Di ritorno dal Meeting di Rimini, per chi procede verso Nord, PAOLO MASSOBRIO consiglia alcune mete culinarie tra Bologna, Parma e Reggio Emilia dove fermarsi per una cena coi fiocchi

L'Hostaria da IvanL'Hostaria da Ivan

Il venerdì del Meeting è sempre un via vai: c'è chi torna a casa e chi arriva per l'ultimo week end. In ogni caso il transito sull'autostrada è intenso e la domanda ossessionante: “Dove vado a mangiare, prima di arrivare a casa ?”. Beh, dopo che è uscita l'applicazione su iPhone e iPad le telefonate e gli sms si sono fatti più radi, ma il mio amico di Padova ieri l'ho mandato con soddisfazione a Monteveglio, nella migliore osteria che ho provato quest'anno. Ed io invece dove vado? Sono quattro le mete che amo calibrare a seconda del percorso, tutte in direzione Nord. Nei pressi Bologna, il posto simpatico è a Calderara di Reno, all'Osteria di Mirasole (via Matteotti, 17/a tel. 051821273): una verace osteria, a casa di un appassionato di carni: Franco Cimini.

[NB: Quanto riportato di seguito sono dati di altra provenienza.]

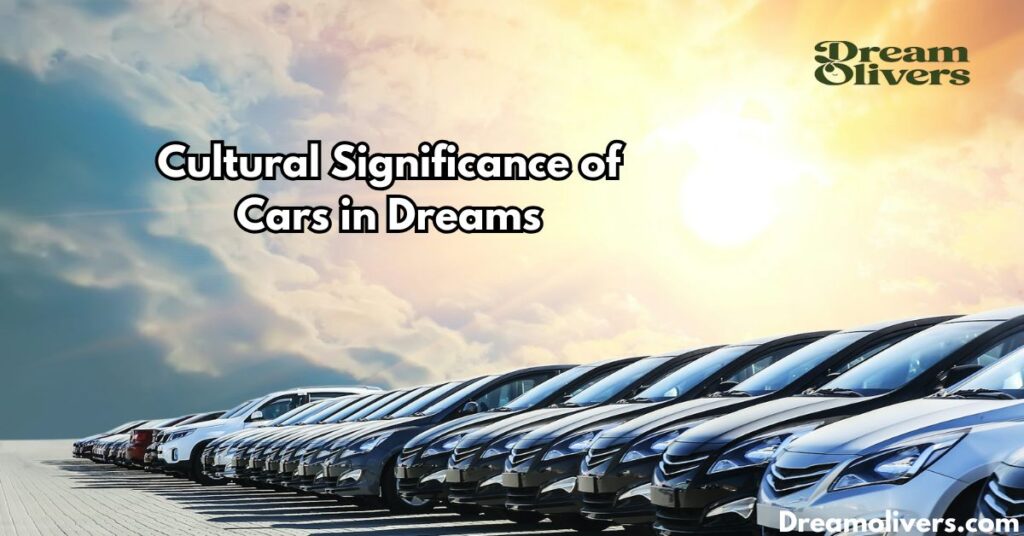 Cultural Significance of Cars in Dreams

La sua compagna ha un’azienda agricola da conoscere (Azienda Agricola F.lli Caretti - via Imbiani, 8 - tel. 051824811) che fornisce carni, ma soprattutto formaggi fra cui un Parmigiano Reggiano di notevole fattura. Sedetevi allora in questa osteria d'antan che oggi ha anche un giardino raccolto per mangiare all'aperto. Guardate il patron quando sceglie un pezzo di Chianina e la taglia per metterla alla griglia. E fatevi venire l'acquolina in bocca: con gli gnocchi di patate alla secca e crema di Strachitunt, lasagne verdi alla bolognese, trippa grigia, polpettine di vitello e mortadella con piselli novelli. Piatto decisamente buono sarà il filetto di bue avvolto nella gola del maiale, e poi il controfiletto di manzo con radici ed erbette amare. Si chiude con la torta al cioccolato di Persiceto. Per bere, avrete il meglio che si accoppia a questi piatti.

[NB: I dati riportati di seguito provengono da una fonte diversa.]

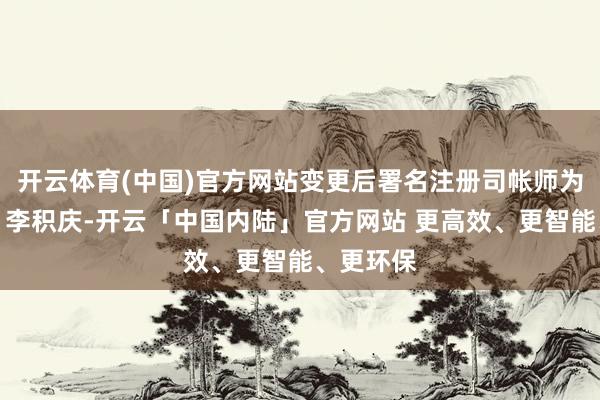 开云体育(中国)官方网站变更后署名注册司帐师为张有全、李积庆-开云「中国内陆」官方网站 更高效、更智能、更环保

Nei pressi di Reggio Emilia le mie trattorie sono due: a Rubiera all'Osteria del Viandante (tel. 0522260638), altro luogo deputato alle carni e poi a Scandiano, alla trattoria Bosco (loc. Bosco, tel. 0522857242) che fa i cappelleti in brodo una faraona all'uva da urlo, prima di chiudere con la zuppa inglese. Passata Parma, vi rinfrancherete al Cavallino Bianco di Polesine Parmense (052496136) nel regno del culatello, dove i fratelli Spigaroli vi innaffieranno di Fortana e buoni piatti della tradizione che lasciano un ricordo (qui non rinunciate all'anatra al forno dei loro allevamenti). Più sontuoso è il ristorante ambientato da Massimo Spigaroli nell'Antica Corte Pallavicina (0524936539). Imperdibile, qui, la faraona ricoperta di culatello e cotta nella creta del Po.
Infine la mia sosta che, l'ultima volta, non mi ha permesso di continuare il viaggio (ho dormito a Soragna, alla Locanda del Lupo - tel. 0524597100). Andate in località Fontanelle, da Ivan e Barbara che vi faranno cenare a maiale e Champagne. Sarete coccolati con piatti legati al territorio (c’è persino un menu dedicato a Guareschi, natio di questi luoghi), all’interno di salette intime e raffinate o, nella bella stagione, nella veranda che s’affaccia sul giardino all’italiana. Passione pura, dunque, a cominciare dal tosone fritto (ovvero la rifilatura fresca del Parmigiano), lardo pestato, pisarei e fasò, tortelli miele e tarassaco, cappellacci con patate e pancetta, pollo alla cacciatora, trippa, stracotto e fegato di maiale in reticella, anatra al forno. Il vino rosso viene servito nelle scodelle bianche mentre lo Champagne (in abbinamento al culatello) nei calici di cristallo.